La 29ème Conférence des intergroupes parlementaires “Paix et liberté pour le peuple du Sahara occidental”, tenue samedi au siège du Parlement de Navarre, à Pampelune, a réaffirmé son soutien à l’exercice par le peuple sahraoui de son droit à l’autodétermination, soulignant que le Sahara occidental est “un territoire non autonome soumis au droit international”.
La déclaration adoptée à la fin des travaux, une prise de position politique qui rassemble les représentants des parlements régionaux de l’Etat espagnol pour défendre le droit du peuple sahraoui à décider de son avenir, soutient que le Maroc n’a jamais exercé de souveraineté sur ce territoire et réitère sa reconnaissance du Front Polisario comme seul et légitime représentant du peuple sahraoui.

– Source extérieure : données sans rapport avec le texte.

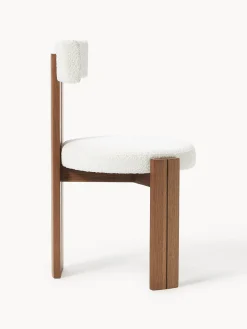 Silla de madera con tapizado bouclé Katya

Le texte se démarque explicitement de la position adoptée par le gouvernement espagnol concernant le Sahara occidental et réaffirme que le territoire demeure un territoire non autonome en attendant sa décolonisation. Au niveau international, les représentants des parlements espagnols régionaux exigent que le processus politique se déroule dans le cadre des Nations unies et conformément au droit international, en soulignant que “la résolution 2797 du Conseil de sécurité constitue le point de référence actuel”.
“Afin de soutenir le processus politique en cours, sous l’égide de l’ONU, visant à parvenir à une solution juste, durable et mutuellement acceptable qui garantisse le droit à l’autodétermination du peuple sahraoui, il est demandé instamment au Conseil des droits de l’homme des Nations unies à Genève de nommer un rapporteur spécial pour le Sahara occidental”, ont-ils plaidé.

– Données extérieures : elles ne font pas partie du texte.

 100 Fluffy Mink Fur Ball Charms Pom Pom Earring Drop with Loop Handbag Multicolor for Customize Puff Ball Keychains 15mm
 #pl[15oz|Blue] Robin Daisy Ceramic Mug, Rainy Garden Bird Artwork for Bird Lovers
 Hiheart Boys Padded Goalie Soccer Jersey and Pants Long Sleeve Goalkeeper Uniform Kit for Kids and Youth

Ils appellent également à l’élargissement du mandat de la MINURSO afin d’y inclure la surveillance des droits humains et dénoncent la situation des prisonniers politiques sahraouis, notamment ceux du groupe de Gdeim Izik, exigeant leur “libération immédiate”.
“Nous soulignons l’importance des missions parlementaires pour observer la situation des droits de l’homme de la population civile sahraouie dans les territoires occupés du Sahara occidental, notamment en ce qui concerne les droits à l’expression, à la réunion, à l’association et à la manifestation”, ont-ils ajouté.
La Déclaration rejette également la signature de nouveaux accords commerciaux entre l’Union européenne et le Maroc incluant des ressources du Sahara occidental sans le consentement du peuple sahraoui, rappelant la jurisprudence de la Cour de justice de l’Union européenne. Les représentants des parlements espagnols régionaux s’engagent, à ce titre, à continuer de dénoncer le pillage illégal des ressources naturelles du Sahara occidental par le Maroc et exiger que les entreprises opérant sur le territoire respectent le droit international et, en définitive, les droits légitimes du peuple du Sahara occidental. Ils exhortent, dans ce contexte, les acteurs économiques et politiques à engager des négociations directes avec le Front Polisario.
Ils appellent, par ailleurs, au renforcement de la coopération institutionnelle et humanitaire, au soutien politique du Front Polisario et à une meilleure sensibilisation du public au conflit dans les médias et sur les réseaux sociaux.